**Supplied data**
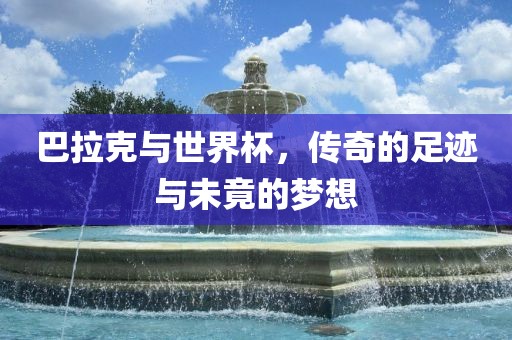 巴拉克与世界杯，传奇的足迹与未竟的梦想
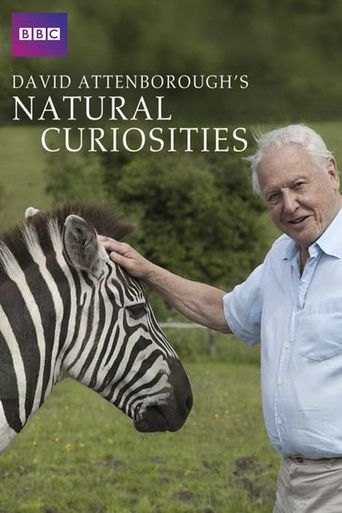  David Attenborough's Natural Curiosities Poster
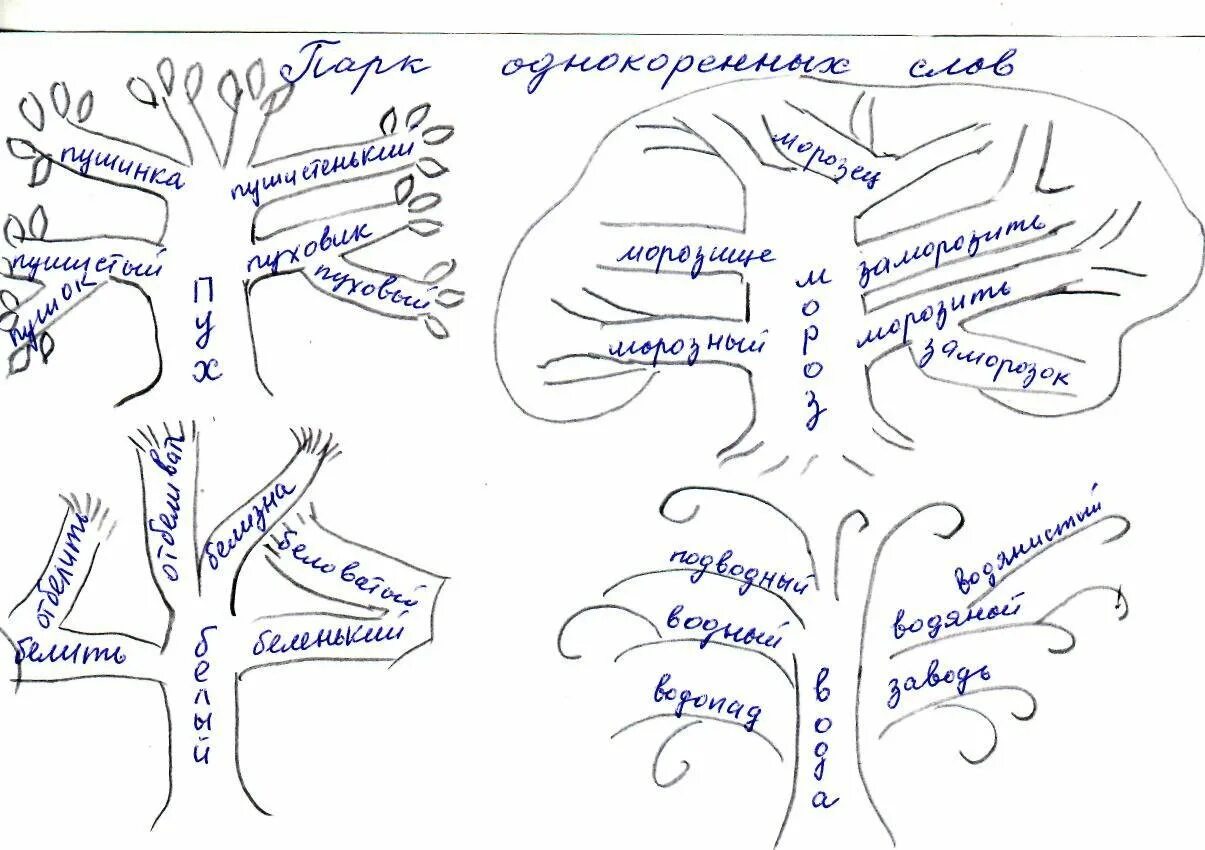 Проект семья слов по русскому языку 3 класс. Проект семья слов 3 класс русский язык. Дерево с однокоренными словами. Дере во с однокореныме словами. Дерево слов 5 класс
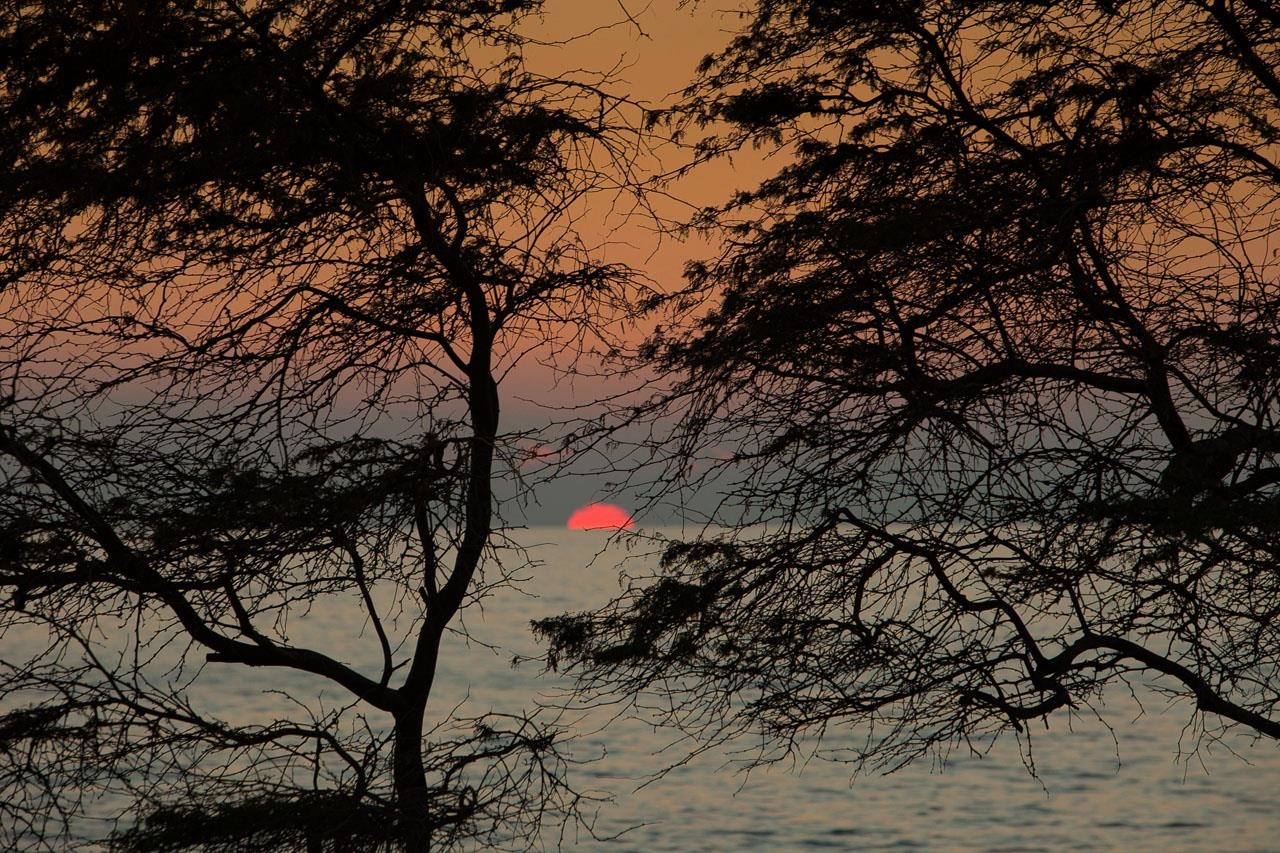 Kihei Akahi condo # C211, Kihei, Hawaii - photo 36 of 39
* * *
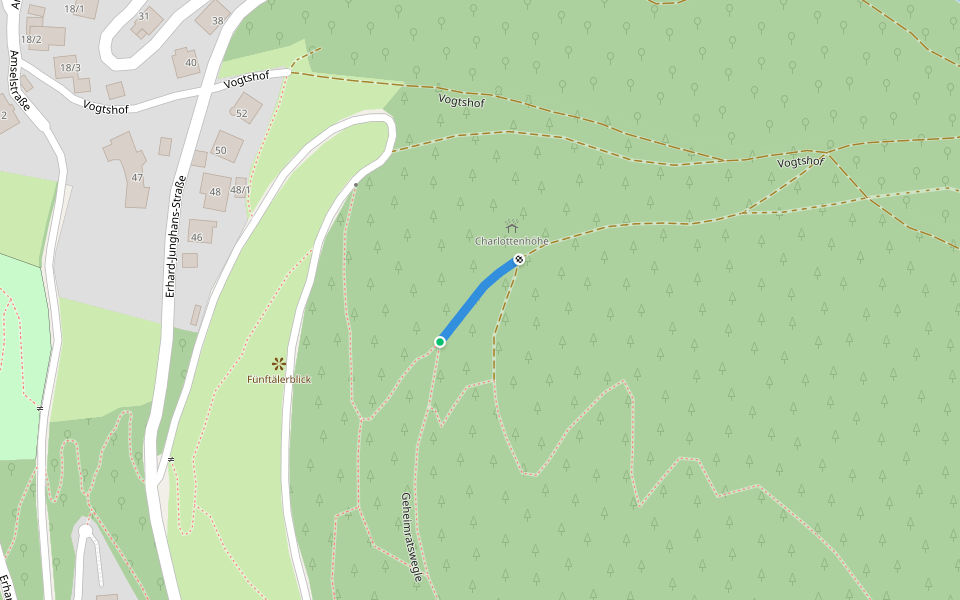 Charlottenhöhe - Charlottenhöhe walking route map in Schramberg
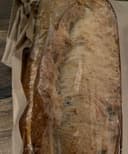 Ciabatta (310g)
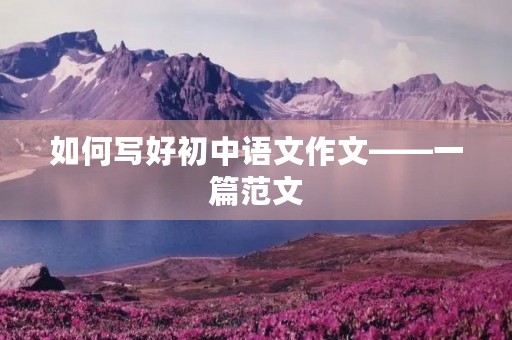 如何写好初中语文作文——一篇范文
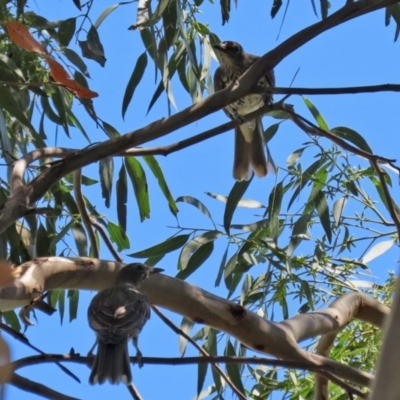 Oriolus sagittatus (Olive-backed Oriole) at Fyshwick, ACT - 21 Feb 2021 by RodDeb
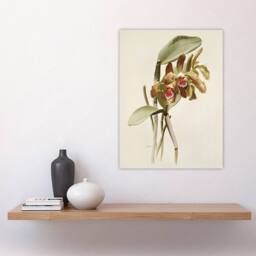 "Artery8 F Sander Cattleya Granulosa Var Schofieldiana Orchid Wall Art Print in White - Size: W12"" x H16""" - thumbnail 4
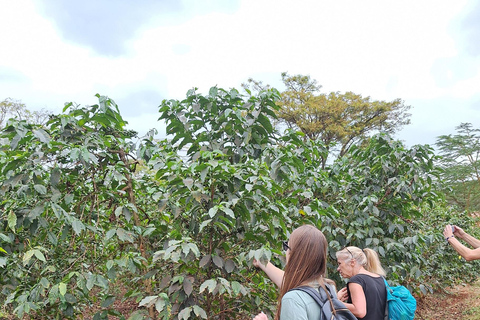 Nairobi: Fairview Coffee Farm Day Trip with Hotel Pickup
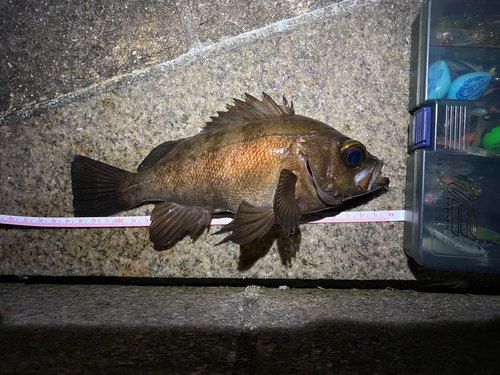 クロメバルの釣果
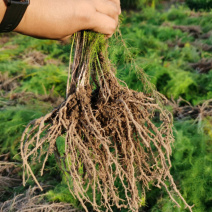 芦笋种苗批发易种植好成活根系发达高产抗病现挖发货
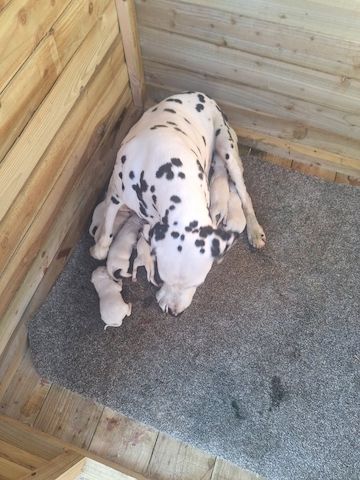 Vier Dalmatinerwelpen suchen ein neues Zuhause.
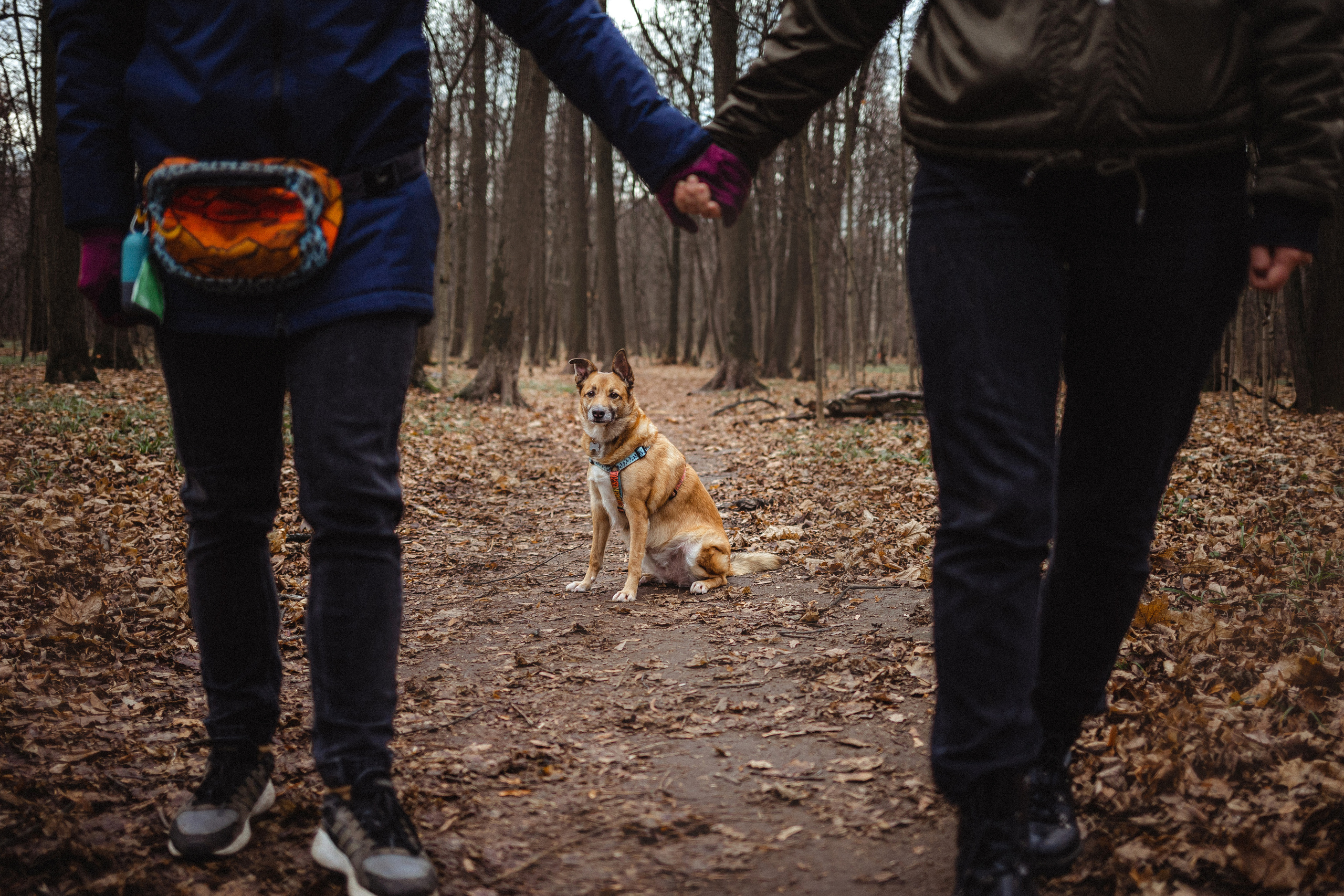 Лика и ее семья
...
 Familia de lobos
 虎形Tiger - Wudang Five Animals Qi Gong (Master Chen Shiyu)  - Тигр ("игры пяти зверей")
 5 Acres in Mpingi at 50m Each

**Work instruction**
Copy everything above from the line holding "Vier Dalmatinerwelpen suchen" down to the line holding "Лика и ее семья", both ends included, exactly as it stands and without the pictures.

**Written solution**
 Vier Dalmatinerwelpen suchen ein neues Zuhause.
 Лика и ее семья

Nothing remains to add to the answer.